§ Instructions to follow: Your reply should be the records below, duplicated exactly, with any picture removed.

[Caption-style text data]
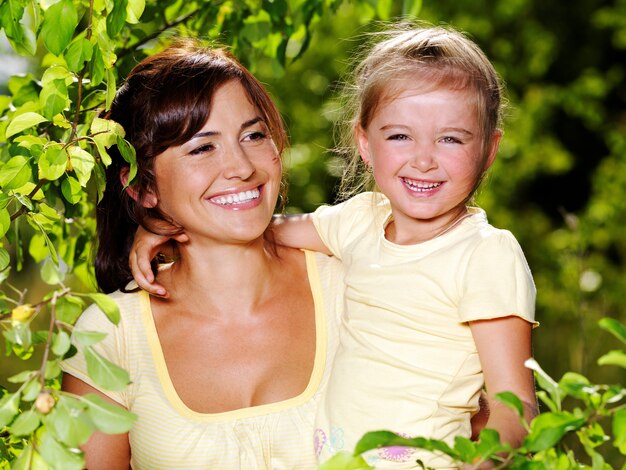 Feliz retrato da mãe e da filha ao ar livre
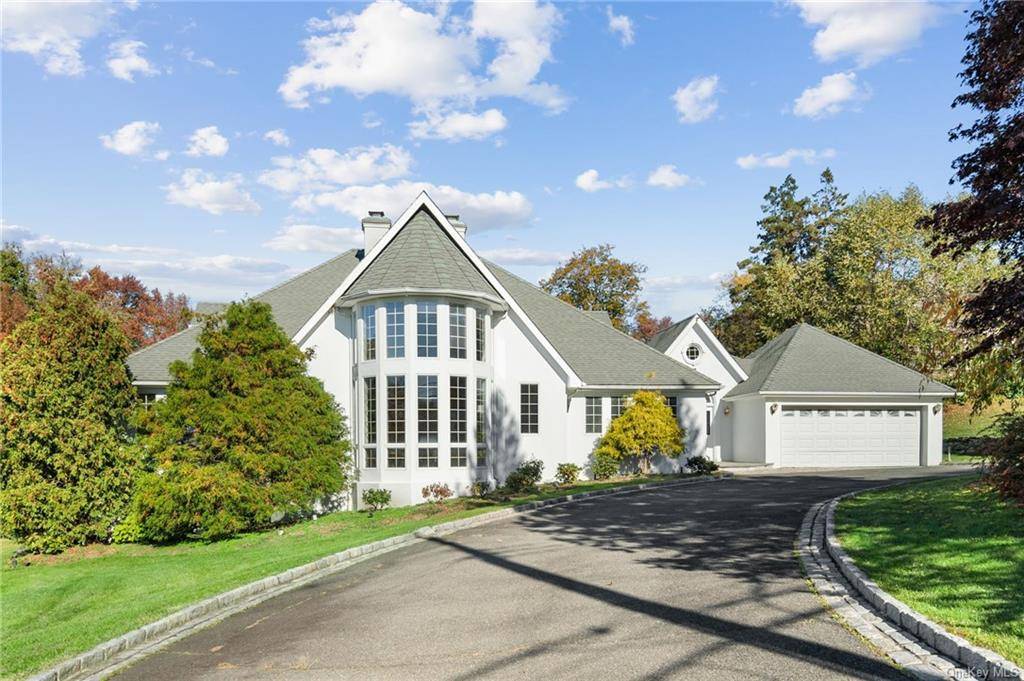 Fabulous Contemporary within the prestigious Knollwood Country Club setting.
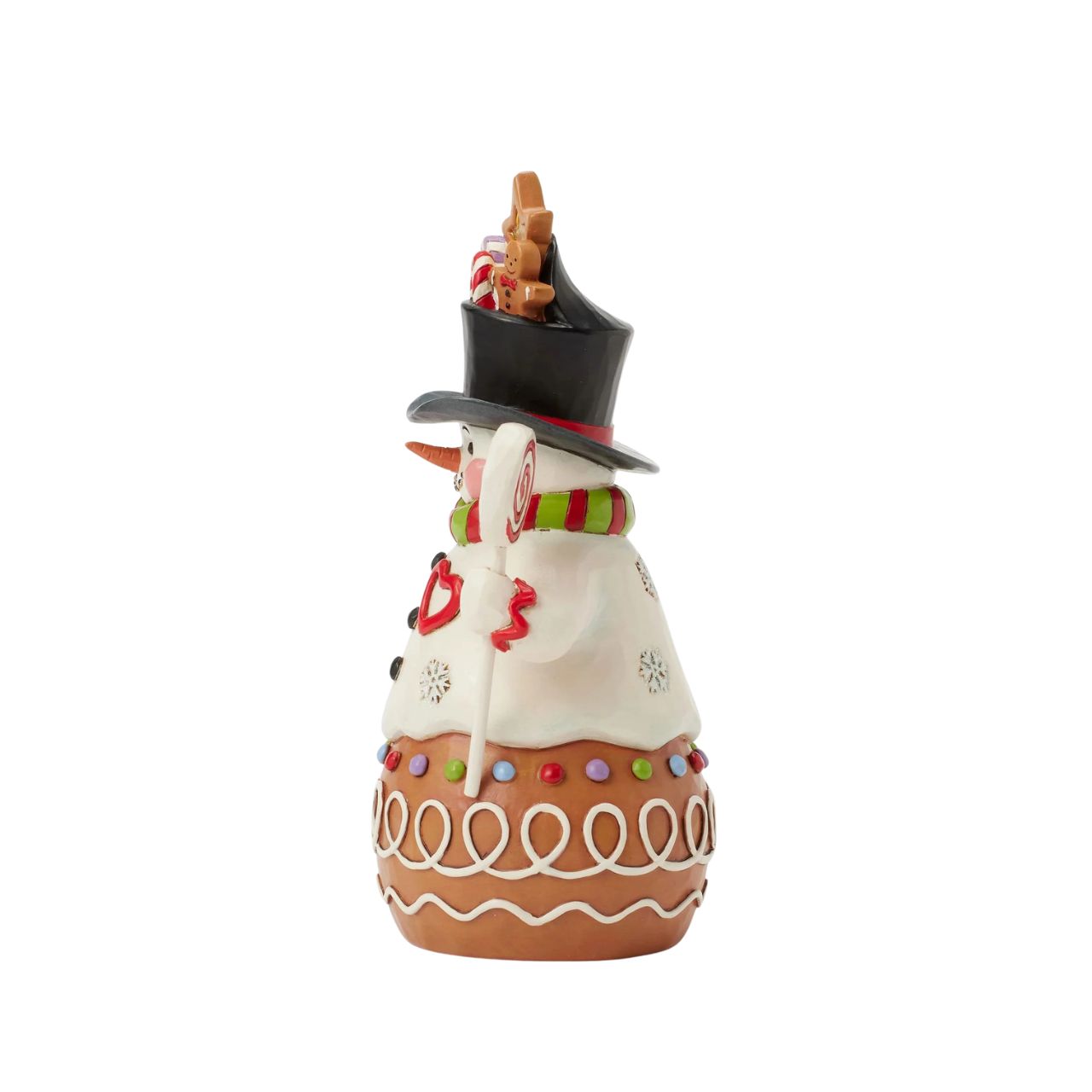 This charming Jim Shore Gingerbread Christmas snowman is too sweet to resist, with icing and candy details decorating his deliciously festive form. Smiling warmly beneath a top hat brimming with sweets, this piece adds a playful touch to your holiday decorations.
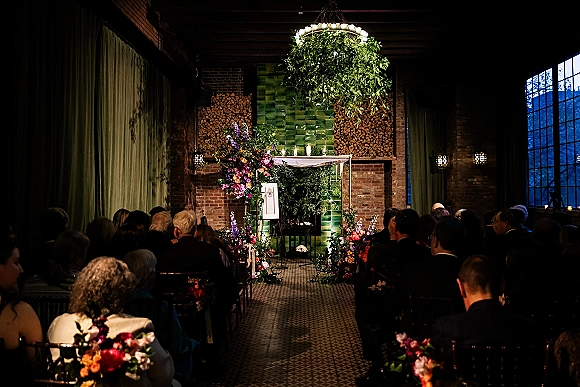 Indoor ceremony setup with an industrial wedding ceremony arch, lush florals and candles, against brick walls and large loft windows.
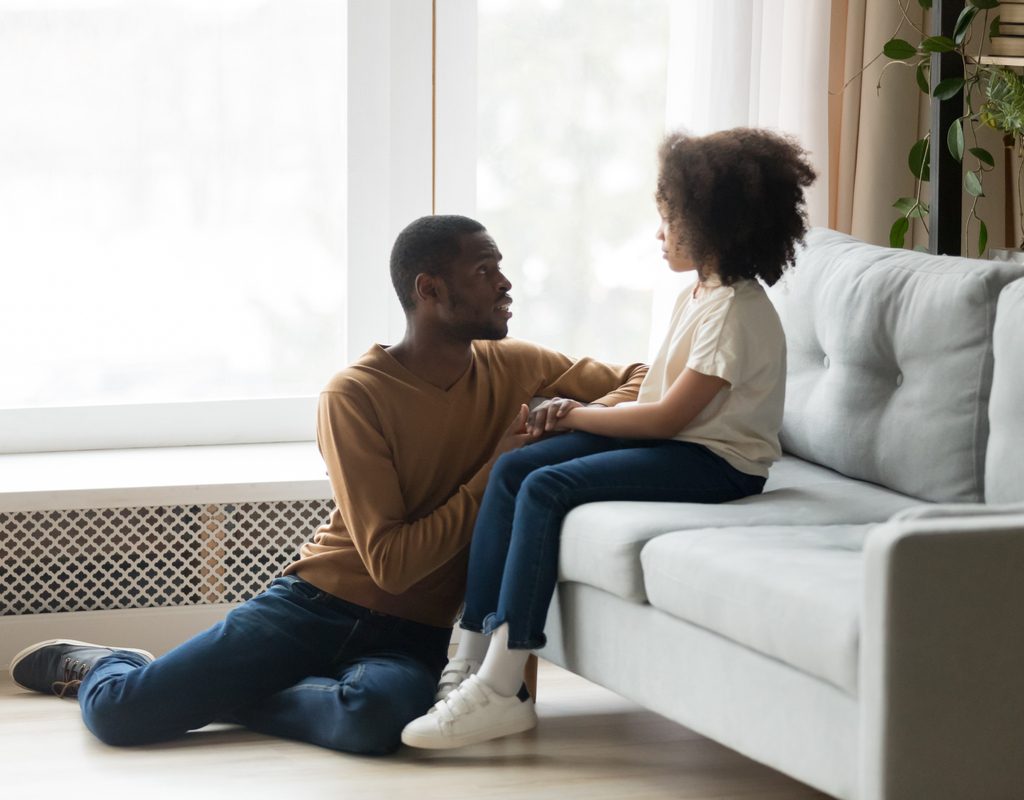 A father comforting and talking to his daughter.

§ Answer:
 Feliz retrato da mãe e da filha ao ar livre
 Fabulous Contemporary within the prestigious Knollwood Country Club setting.
 This charming Jim Shore Gingerbread Christmas snowman is too sweet to resist, with icing and candy details decorating his deliciously festive form. Smiling warmly beneath a top hat brimming with sweets, this piece adds a playful touch to your holiday decorations.
 Indoor ceremony setup with an industrial wedding ceremony arch, lush florals and candles, against brick walls and large loft windows.
 A father comforting and talking to his daughter.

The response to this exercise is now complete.